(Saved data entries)
==========

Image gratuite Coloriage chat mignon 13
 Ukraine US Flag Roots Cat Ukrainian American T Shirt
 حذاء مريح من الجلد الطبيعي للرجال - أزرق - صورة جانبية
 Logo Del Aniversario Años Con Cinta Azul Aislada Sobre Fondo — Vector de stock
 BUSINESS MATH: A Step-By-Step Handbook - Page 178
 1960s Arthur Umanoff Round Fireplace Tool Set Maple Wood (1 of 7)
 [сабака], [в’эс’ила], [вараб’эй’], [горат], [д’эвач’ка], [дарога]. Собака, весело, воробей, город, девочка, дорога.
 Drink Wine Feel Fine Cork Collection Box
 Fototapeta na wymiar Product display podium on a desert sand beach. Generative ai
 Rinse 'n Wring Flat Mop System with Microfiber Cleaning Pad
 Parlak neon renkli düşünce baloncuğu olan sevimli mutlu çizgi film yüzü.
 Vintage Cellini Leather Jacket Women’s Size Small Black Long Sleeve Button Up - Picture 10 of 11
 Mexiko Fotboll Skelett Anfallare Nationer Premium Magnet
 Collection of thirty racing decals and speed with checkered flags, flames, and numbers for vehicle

==========

§ **WORK INSTRUCTIONS**: Extract, exactly, the lines above that begin at the line containing "Fototapeta na wymiar" and end at the final line of the records; add no other text.

§ **RESULT OF THIS EXERCISE**:
 Fototapeta na wymiar Product display podium on a desert sand beach. Generative ai
 Rinse 'n Wring Flat Mop System with Microfiber Cleaning Pad
 Parlak neon renkli düşünce baloncuğu olan sevimli mutlu çizgi film yüzü.
 Vintage Cellini Leather Jacket Women’s Size Small Black Long Sleeve Button Up - Picture 10 of 11
 Mexiko Fotboll Skelett Anfallare Nationer Premium Magnet
 Collection of thirty racing decals and speed with checkered flags, flames, and numbers for vehicle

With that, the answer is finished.